- Given entries:
Content starts

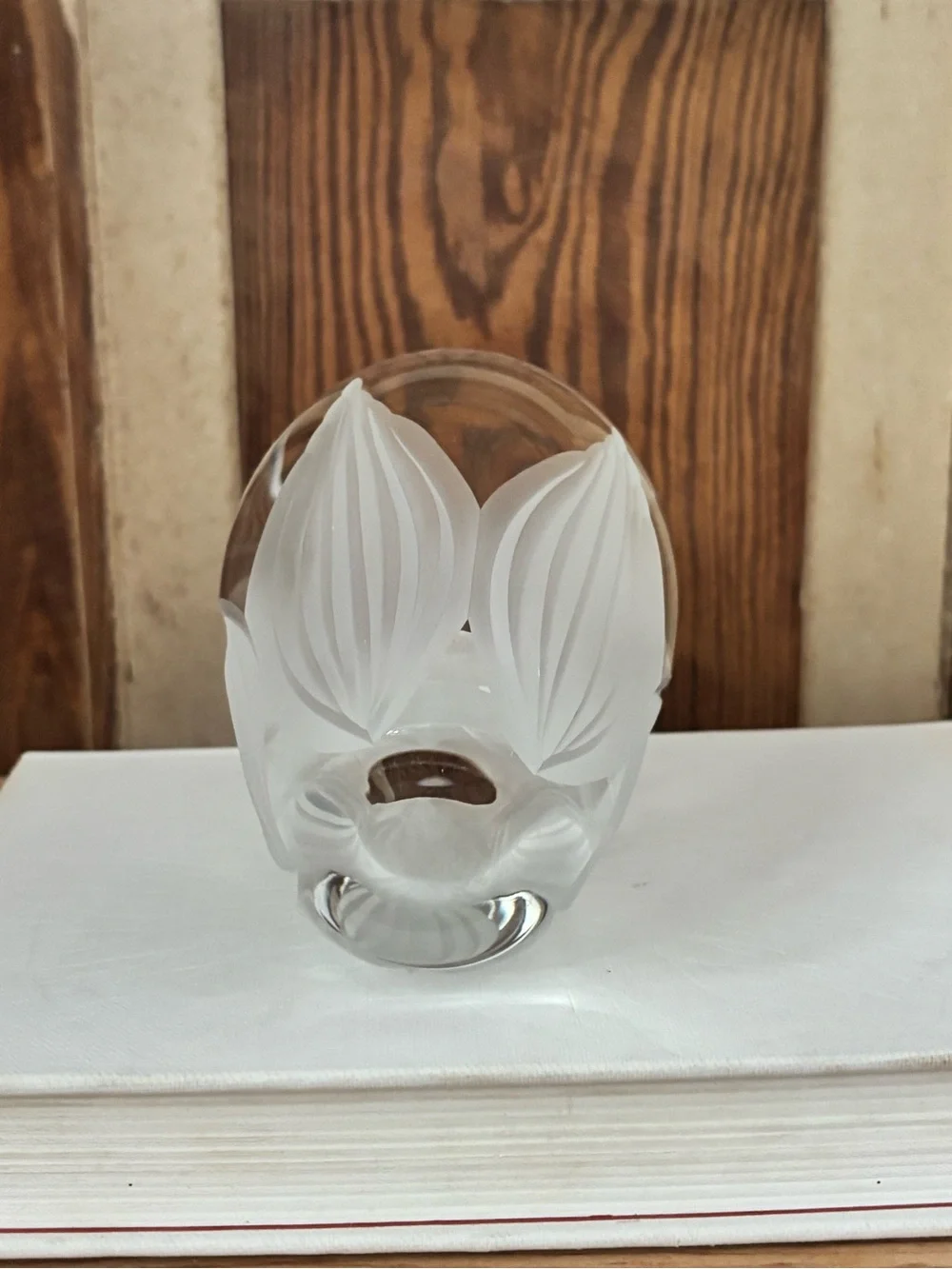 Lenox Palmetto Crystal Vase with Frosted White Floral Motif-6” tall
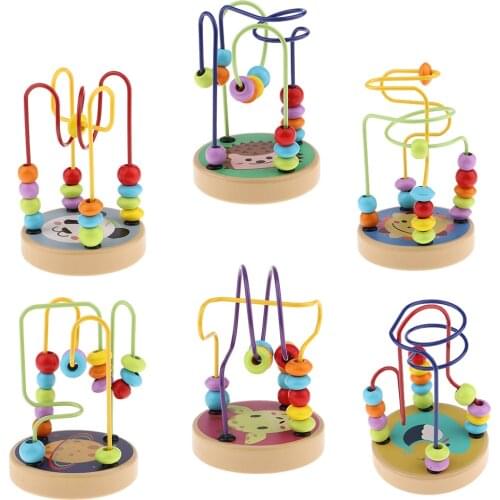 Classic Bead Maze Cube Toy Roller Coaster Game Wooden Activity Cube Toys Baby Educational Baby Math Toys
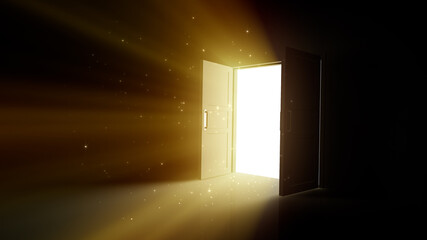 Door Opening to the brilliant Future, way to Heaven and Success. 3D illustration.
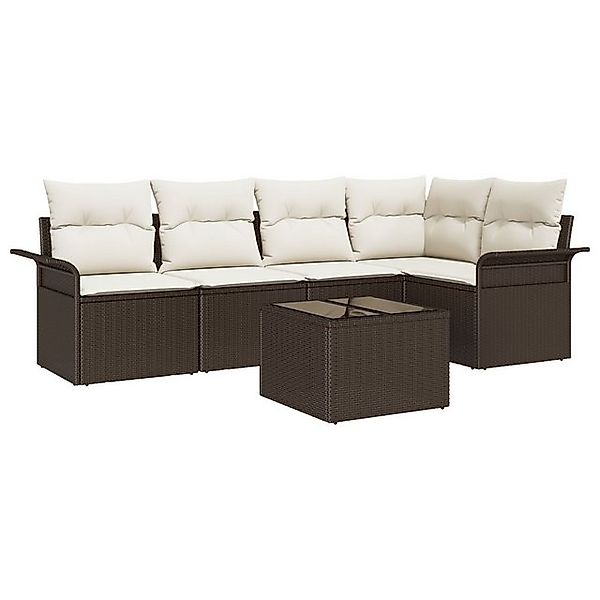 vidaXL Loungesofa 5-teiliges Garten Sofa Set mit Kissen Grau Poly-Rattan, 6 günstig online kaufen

Content ends
Content starts

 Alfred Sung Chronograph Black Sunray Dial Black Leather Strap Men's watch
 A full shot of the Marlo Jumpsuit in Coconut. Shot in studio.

Content ends

- Task description: Take the material above and output only the lines from the one that contains "Lenox Palmetto Crystal" through the one that contains "vidaXL Loungesofa 5-teiliges", ends included and images left out.

- Result of the task:
 Lenox Palmetto Crystal Vase with Frosted White Floral Motif-6” tall
 Classic Bead Maze Cube Toy Roller Coaster Game Wooden Activity Cube Toys Baby Educational Baby Math Toys
 Door Opening to the brilliant Future, way to Heaven and Success. 3D illustration.
 vidaXL Loungesofa 5-teiliges Garten Sofa Set mit Kissen Grau Poly-Rattan, 6 günstig online kaufen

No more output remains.